Skip to main content

Glossary

This document defines common words used to describe our secrets detection engine.

Detector

A set of rules that will be applied to a document to find one type of secret (e.g.: AWS keys, database URI, Google Key...).

Generic detector

We consider that a detector is generic if we are not able to infer the secret's provider directly. For example the detector looking for a pattern such as secret={high_entropy_string} is a generic detector.

Specific detector

A specific detector is a detector designed to find a well identified type of secret such as AWS keys, MySQL URI, Slack token... Specific detectors are often opposed to generic detectors.

Assignment and assigned variable

We refer to an assignment as any statement of the form {assigned_variable} {assignment_token} {value}. For example in this statement: my_variable = "HelloWorld", the assigned variable is: my_variable.

Document

Any text with a filename. Filename is optional.

Entropy

Measure of randomness of a string. An API key should have a high entropy since it is a randomly generated sequence of characters. When mentioning entropy in this documentation, we mean Shannon entropy.

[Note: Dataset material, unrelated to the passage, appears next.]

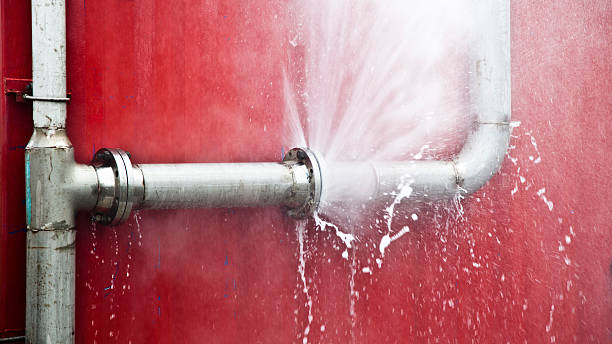 Best Emergency water extraction  in Willow Grove, TX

Filepath / Filename / Extension

We adopted the following conventions for naming paths. For example config/secrets.yaml:

  • yaml is the extension.
  • secrets.yaml is the filename.
  • config/secrets.yaml is the filepath.

Insight

Additional information on a document or a secret.

Match

A string that is part of a secret. A secret can be composed of one or several matches.

Matcher

A detection rule that is applied to a document and outputs matches.

PostValidator

A validation rule applied to a secret candidate (e.g.: validate that all the matches have sufficient entropy).

Precision

The fraction of secrets detected that are indeed true secrets. We can keep track of this metric with the feedbacks of our customers.

PreValidator

A validation rule applied to a document (e.g.: look for "datadog" in the document).

Priority

A rule that prioritizes one secret over another one if they are overlapping. A secret detected by a specific detector always has a higher priority than one detected by a generic detector.

Recall

The fraction of secrets we were able to detect and classify as such among all secrets that exist. This metric is almost impossible to measure without human labelling.

Scanner

A collection of detectors. In terms of code, this is the entry point to scan a document, and the only way of scanning one.

Secret

A combination of strings found by a detector in a document. This combination should grant access to a private service.

Secrets overlapping

Two secrets overlap if any of one's matches are partially or completely included in any of the other's secrets matches.

Validity Check

A non intrusive call to the concerned service that allows to determine whether a key is valid or invalid. Some validity checks can be used to improve our precision and be sure that we only raise alerts for valid secrets.